Today In History...

In 1626 Dutch explorer Peter Minuit lands on present-day Manhattan Island.
In 1776 Rhode Island declared independence from England, two months before the Declaration of Independence was adopted.
In 1886 A labor demonstration for an eight-hour workday at Haymarket Square in Chicago turned into a riot when a bomb exploded.
In 1916 Responding to a demand from President Wilson, Germany agreed to limit its submarine warfare, thereby averting a diplomatic break with Washington.
In 1927 The Academy of Motion Picture Arts And Sciences was founded.
In 1932 Mobster Al Capone, convicted of income-tax evasion, entered the federal prison in Atlanta.
In 1942 The Battle of the Coral Sea, the first naval clash fought entirely with carrier aircraft, began during World War II.
In 1946 A 2-day riot at Alcatraz prison in San Francisco Bay killed five.

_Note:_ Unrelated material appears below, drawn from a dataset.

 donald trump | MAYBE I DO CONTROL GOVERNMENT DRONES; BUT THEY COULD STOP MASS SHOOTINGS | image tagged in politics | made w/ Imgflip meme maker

In 1961 The first "Freedom Riders" left Washington, DC, for New Orleans to challenge racial segregation in interstate buses and bus terminals.
In 1970 Ohio National Guardsmen opened fire on a crowd of anti-war protestors at Kent State University, killing four students and wounding nine.

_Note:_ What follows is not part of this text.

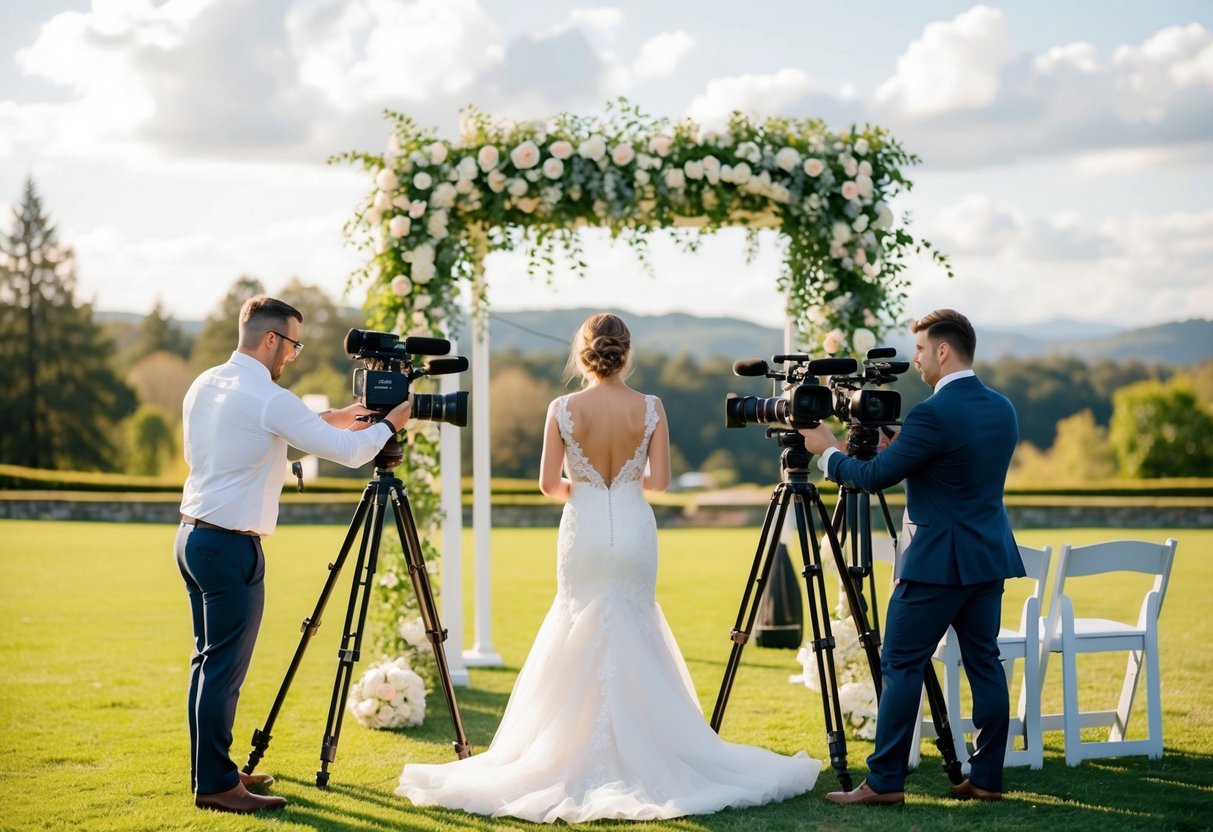 A wedding videographer setting up multiple cameras on tripods in a picturesque outdoor ceremony venue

In 1973 Valerie Perrine appeared in the nude on PBS's "Steambath."
In 1976 Australian Prime Minister Malcolm Fraser announced "Waltzing Matilda" would serve as his country's national anthem at the upcoming Olympic Games.
In 1980 The president of Yugoslavia, Marshal Josip Broz Tito, died at age 87.
In 1984 Poland's premier, General Wojciech Jaruzelski, and Soviet President Konstantin Chernenko signed a 15-year economic cooperation agreement in Moscow.
In 1987 The U.S. Supreme Court ruled that Rotary Clubs must admit women.
In 1987 Conrail engineer Ricky Gates was charged with 16 deaths after his freight train hit an Amtrak passenger train.
In 1987 Pope John Paul II ended a five-day visit to West Germany.
In 1988 A year-long amnesty program for illegal aliens in the United States who met certain conditions ended.
In 1988 Three French hostages, including Marcel Carton, Marcel Fontaine, and Jean-Paul Kauffmann, were released in Beirut by pro-Iranian kidnappers.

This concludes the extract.